Gestern Abend durfte ich die letzten paar Minuten der Festlichkeiten anlässlich des Mauerfalls bewundern. Schnell stellte sich heraus, dass es sich dabei nicht um eine Veranstaltung gesellschaftlicher Tragweite, sondern viel mehr um eine Mischung aus "Domino Day" und "Wetten dass" handelte, geschmückt mit einer Szenerie, die Disney nicht besser hätte hinbekommen können. Dazu ein Moderator, dessen Frisur man schmeicheln würde, behauptete man, sie sei so überholt wie der Trabant. Von seiner Art zu moderieren ganz zu schweigen.
Innerhalb von Sekunden überkam mich ein Gefühl des Fremdschams - meine Mitbewohnerin ist Französin-, das auch nicht weichen wollte, als ich pikiert hin und her zu zappen begann. Das ist also, wie "wir Deutsche" den Tag des Mauerfalls feiern? Ernüchternd.

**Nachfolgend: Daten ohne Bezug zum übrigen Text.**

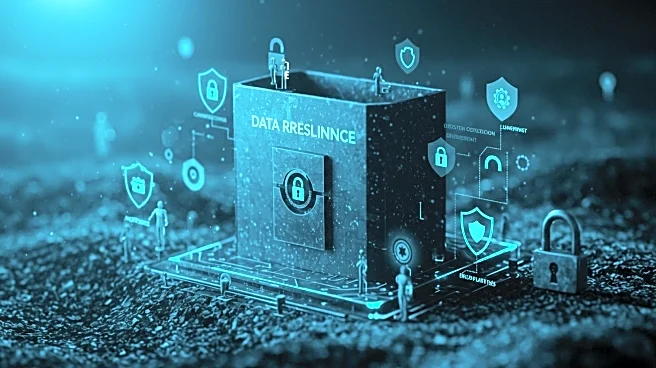 Virtual Summit Focuses on Strengthening Data Resilience Amid Rising Cyber Threats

Es ist dennoch interessant zu sehen, mit welcher Inbrunst versucht wird, das Damalige zu verdrängen und in Plüsch zu packen, damit es gut verdaulich über die Bildschirme flimmern und uns der Rest Europas wohlwollend auf die Schultern klopfen kann, während wir brav "aaah" und "oooh" schreien, wenn Dominosteine zu fallen beginnen. Dazu der ständige Hinweis, dass diese auch noch andernorts stehen. In Nordkorea z.B., oder Gaza. Das will erwähnt werden, so viel Zeit muss sein.
Wo aber - auch im Bezug auf die Mauern dieser Welt, ganz abgesehen von der immer noch existenten eigenen - blieben Würde und Haltung? Dieses Spektakel zeigte mitunter nur eins: Deutschland macht sich immer noch zu gern lächerlich, wenn es darum geht, die eigene, jüngere Geschichte zu verarbeiten. Und dies für meinen Geschmack etwas zu bereitwillig.
Wer das Niveau des Abends halten wollte, musste im Anschluss nur auf RTL umschalten. Dort lief "Bauer sucht Frau".